The pdf2text
Adobe pdf filter has been successfully tested.
It is provided by Derek B. Noonburg
<derekn@foolabs.com> from the xpdf tool under the GPL license.
You should get xpdf which contains pdftotext and pdfinfo from the FooLabs Site at
http://www.foolabs.com/xpdf/
.
The pdftotext program accepts two parameters: a source and a target filename.
Thus the line to add to your asearch.cnf for the pdf filter looks like this:
Filter pdf=/bin/pdftotext $1 $2
|
You can avoid seeing filter errors by adding
> null
on Windows NT
or
> /dev/null 2>&1
on Unix to the command line:
Filter pdf=/bin/pdftotext $1 $2 > /dev/null 2>&1
|
You can use pdftotext along with pdfinfo in order to generate HTML content and benefit from meta keywords,
author and document title. Derek's pdftohtml shell script for UNIX implements those features and is available
at http://alkaline.vestris.com/filters/pdftohtml
.
You can pickup an executable of pdf2text, gzip and a pdf2html for Windows NT in the Alkaline distribution directory
at http://alkaline.vestris.com/download/WinNT/pdf2text.zip
.
The asearch.cnf configuration directives must use fully qualified Windows paths:
Filter pdf=c:\tools\pdftotext.exe $1 $2
|
or, if you are using pdf2html:
Filter pdf=c:\tools\pdf2html.bat $1 $2
|
The wvWare
Microsoft Word filter has been successfully tested.
It is also known as former MsWordView and is provided by Caol´n McNamara <caolan.mcnamara@ul.ie>.
It can be found at http://www.wvware.com/
under the GPL license.
WvWare can load and parse the Word 2000, 97, 95 and 6 file formats.
The filter syntax that should be employed is simply
Filter doc=/bin/wvHtml $1 > $2
|
Rtf2Html is a commercial software from Chris Hector <chris@sunpack.com> and is available at
http://www.sunpack.com/RTF/
.
This filter has not been tested.
A commercial software for Windows, called WebConvert, available from
http://www.webconvert.com/
,
promises to convert most of the major document formats.
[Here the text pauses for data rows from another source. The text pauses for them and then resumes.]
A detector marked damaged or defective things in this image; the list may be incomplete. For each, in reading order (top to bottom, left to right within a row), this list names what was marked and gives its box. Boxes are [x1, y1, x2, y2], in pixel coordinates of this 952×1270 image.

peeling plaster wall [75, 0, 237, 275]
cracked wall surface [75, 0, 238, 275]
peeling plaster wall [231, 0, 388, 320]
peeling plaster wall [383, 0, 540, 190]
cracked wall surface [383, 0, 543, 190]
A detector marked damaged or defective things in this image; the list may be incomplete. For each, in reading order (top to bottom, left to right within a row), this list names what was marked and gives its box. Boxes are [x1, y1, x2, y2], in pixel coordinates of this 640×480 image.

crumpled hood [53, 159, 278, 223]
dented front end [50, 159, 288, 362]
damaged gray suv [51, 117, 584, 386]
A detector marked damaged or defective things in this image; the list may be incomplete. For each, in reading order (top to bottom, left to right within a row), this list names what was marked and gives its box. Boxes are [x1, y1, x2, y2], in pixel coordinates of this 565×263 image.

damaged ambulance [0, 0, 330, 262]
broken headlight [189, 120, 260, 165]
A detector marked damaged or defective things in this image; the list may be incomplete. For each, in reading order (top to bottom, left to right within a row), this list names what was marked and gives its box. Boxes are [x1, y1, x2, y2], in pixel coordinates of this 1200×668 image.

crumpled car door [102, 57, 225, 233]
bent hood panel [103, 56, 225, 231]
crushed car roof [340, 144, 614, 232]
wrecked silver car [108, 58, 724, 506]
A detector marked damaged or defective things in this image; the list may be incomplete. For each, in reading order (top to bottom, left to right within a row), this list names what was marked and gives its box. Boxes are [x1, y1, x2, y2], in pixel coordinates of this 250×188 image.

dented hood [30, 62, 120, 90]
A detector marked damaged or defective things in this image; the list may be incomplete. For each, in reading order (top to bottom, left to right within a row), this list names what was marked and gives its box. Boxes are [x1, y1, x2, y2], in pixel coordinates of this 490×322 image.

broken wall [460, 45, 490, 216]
It can be used from the command line, so it can run as an Alkaline filter.
It has not been tested.
Xml documents are structured differently and need some processing in order to be indexed and useful.
This can be done with a freeware tool Xml2, by Dan Egnor, at
http://ofb.net/~egnor/xml2/
.
Also make sure to check Pixie, by Sean McGrath, at
http://www.xml.com/pub/a/2000/03/15/feature/
,
an open source XML processing library.
To generate meta tags from the output of xml2, use the following xml2html.awk script:
/[^\=]*/ {
start = index($0, "\=")
NAME = substr($0, 2, start - 2)
gsub("/", "-", NAME)
gsub("\@", "-", NAME)
gsub("--", "-", NAME)
CONTENT = substr($0, start + 1, length($0))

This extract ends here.